About this task -> In the records below, find the line containing "Tài xế taxi" and return it together with every later line, exactly as written; pictures are to be omitted.

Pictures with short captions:
○ ○ ○ ○ ○

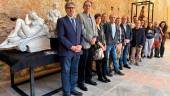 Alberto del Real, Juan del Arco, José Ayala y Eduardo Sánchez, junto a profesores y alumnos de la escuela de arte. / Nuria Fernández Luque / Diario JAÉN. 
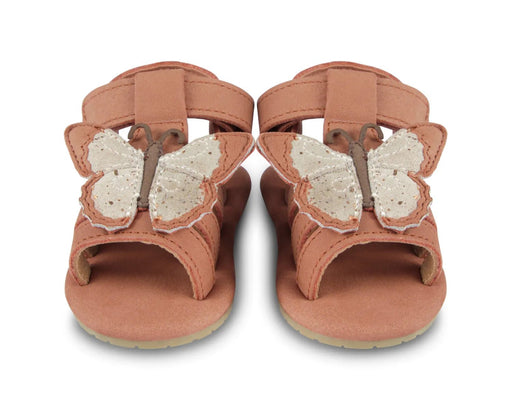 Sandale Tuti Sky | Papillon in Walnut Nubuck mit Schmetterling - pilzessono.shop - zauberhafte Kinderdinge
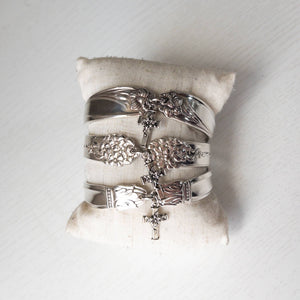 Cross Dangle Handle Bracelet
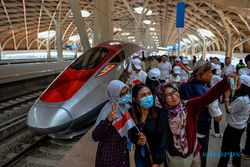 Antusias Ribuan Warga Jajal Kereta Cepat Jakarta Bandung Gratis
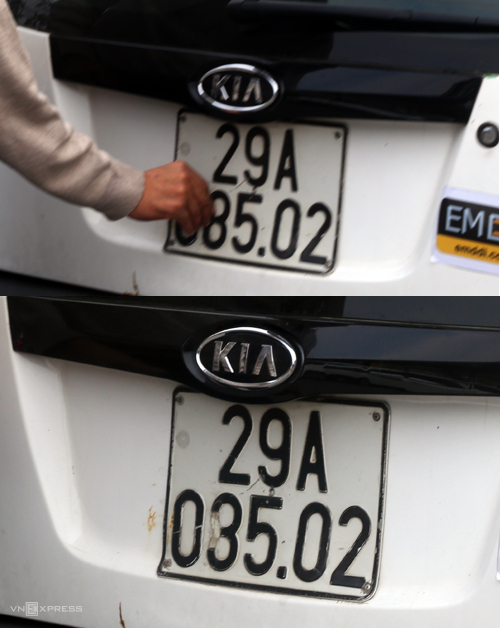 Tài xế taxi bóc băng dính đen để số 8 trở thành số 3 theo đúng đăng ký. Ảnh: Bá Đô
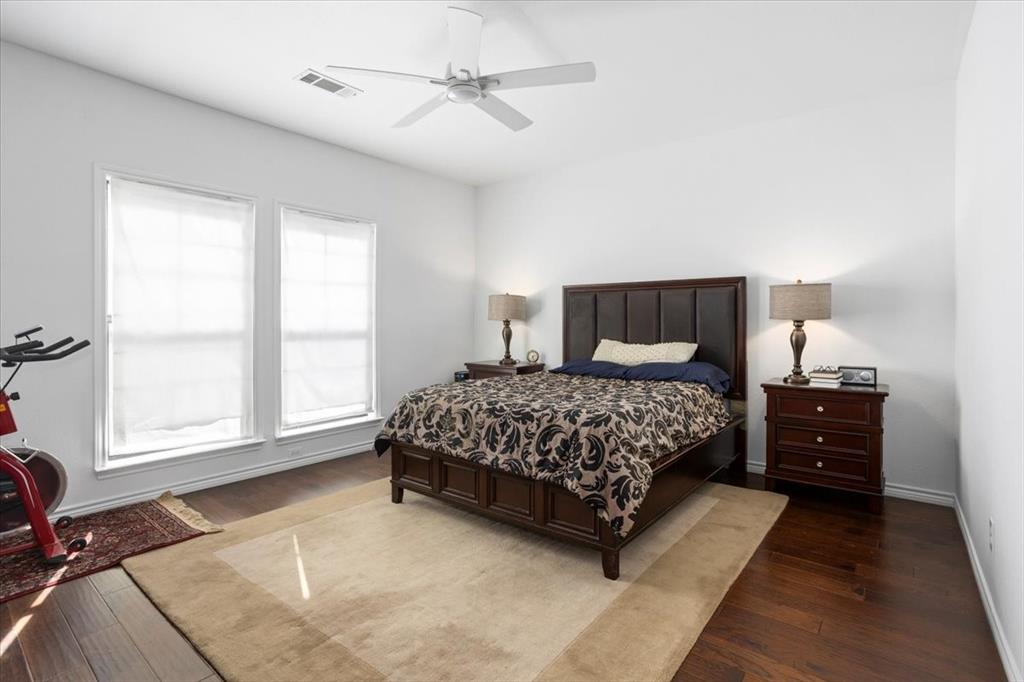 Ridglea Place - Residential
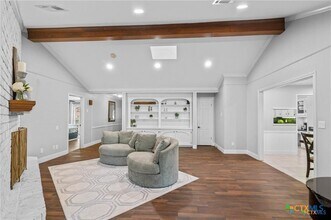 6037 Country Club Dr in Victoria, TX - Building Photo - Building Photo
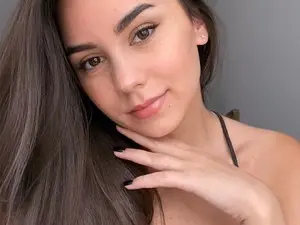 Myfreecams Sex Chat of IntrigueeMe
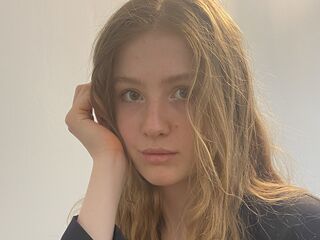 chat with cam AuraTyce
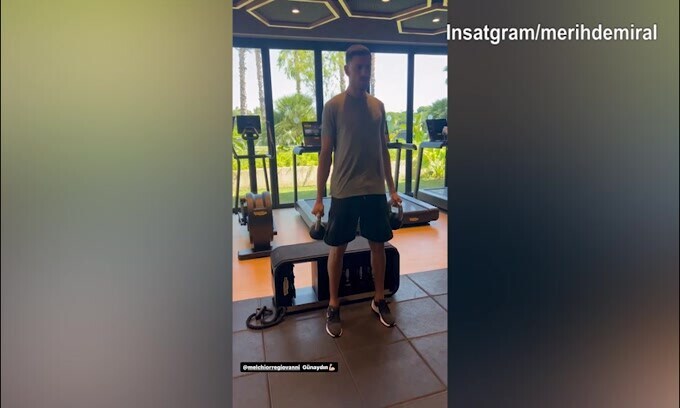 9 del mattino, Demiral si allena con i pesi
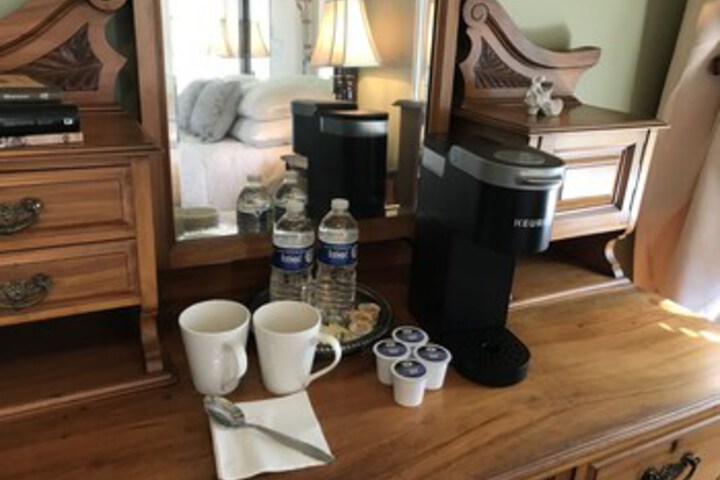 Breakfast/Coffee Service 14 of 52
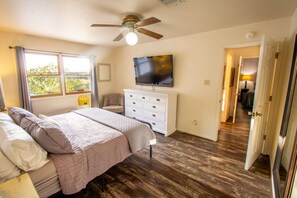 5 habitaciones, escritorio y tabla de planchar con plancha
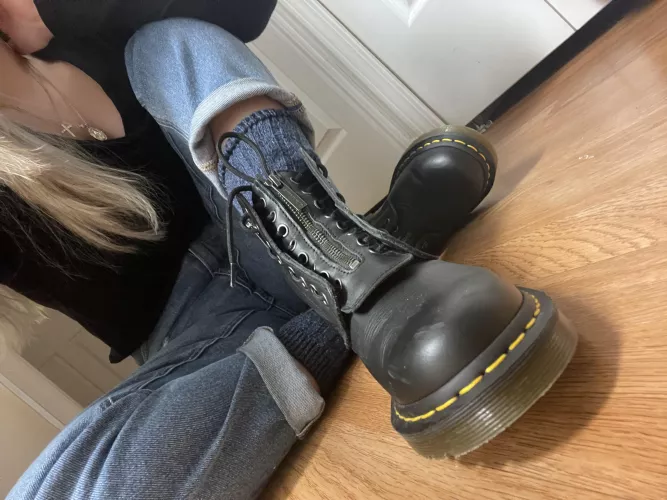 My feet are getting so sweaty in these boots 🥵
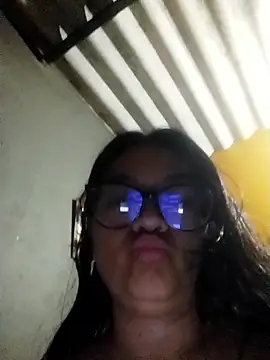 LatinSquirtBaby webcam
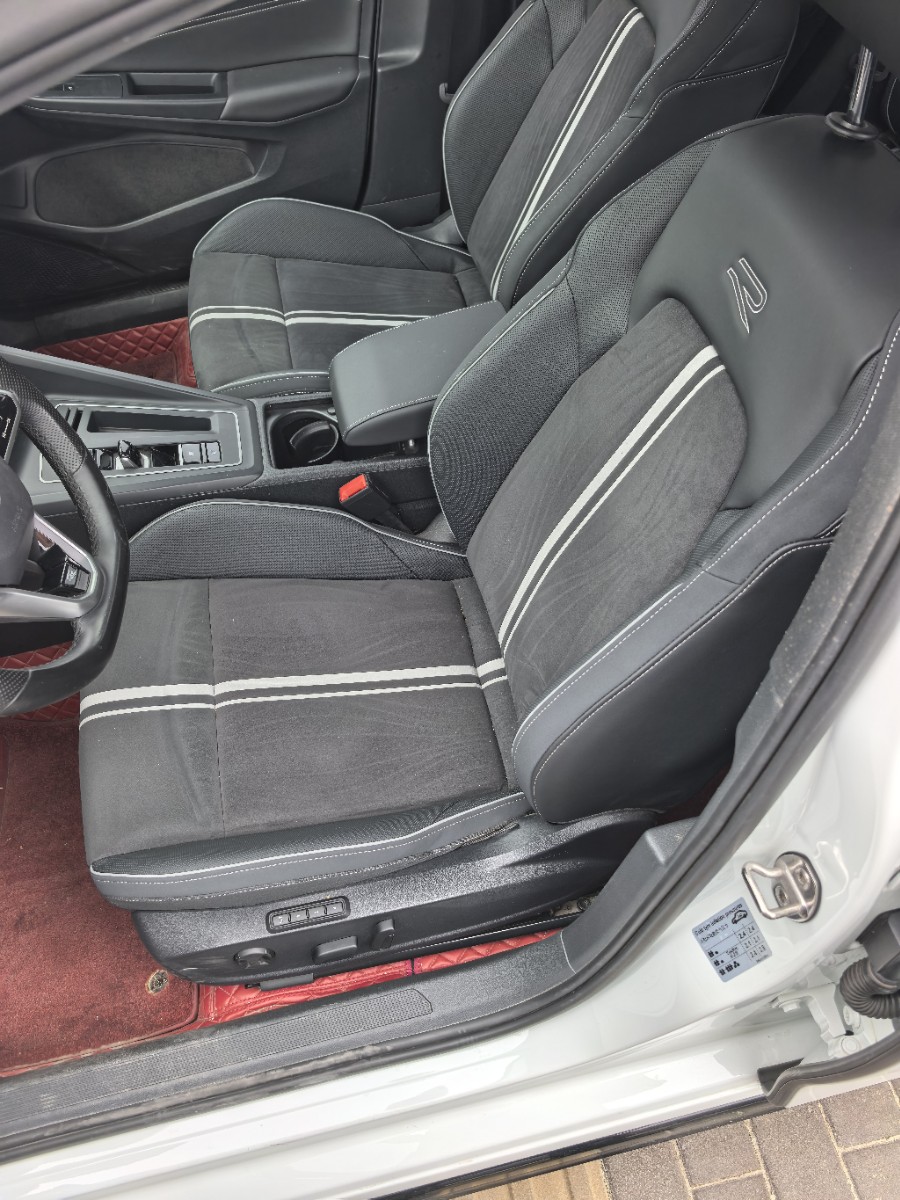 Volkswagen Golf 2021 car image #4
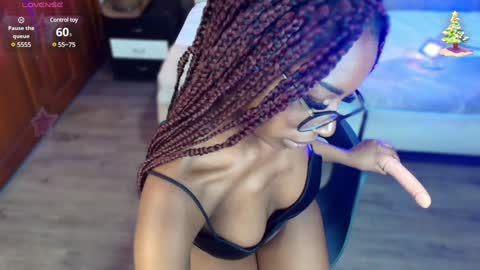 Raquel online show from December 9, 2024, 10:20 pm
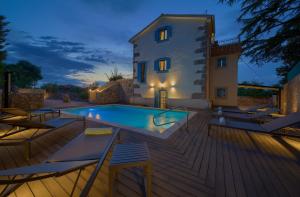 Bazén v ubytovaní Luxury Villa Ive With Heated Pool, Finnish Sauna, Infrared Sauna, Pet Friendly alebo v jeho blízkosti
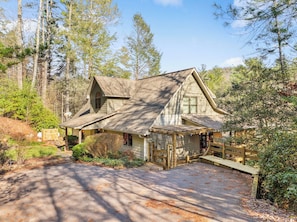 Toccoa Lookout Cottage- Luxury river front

○ ○ ○ ○ ○

Output below ->
 Tài xế taxi bóc băng dính đen để số 8 trở thành số 3 theo đúng đăng ký. Ảnh: Bá Đô
 Ridglea Place - Residential
 6037 Country Club Dr in Victoria, TX - Building Photo - Building Photo
 Myfreecams Sex Chat of IntrigueeMe
 chat with cam AuraTyce
 9 del mattino, Demiral si allena con i pesi
 Breakfast/Coffee Service 14 of 52
 5 habitaciones, escritorio y tabla de planchar con plancha
 My feet are getting so sweaty in these boots 🥵
 LatinSquirtBaby webcam
 Volkswagen Golf 2021 car image #4
 Raquel online show from December 9, 2024, 10:20 pm
 Bazén v ubytovaní Luxury Villa Ive With Heated Pool, Finnish Sauna, Infrared Sauna, Pet Friendly alebo v jeho blízkosti
 Toccoa Lookout Cottage- Luxury river front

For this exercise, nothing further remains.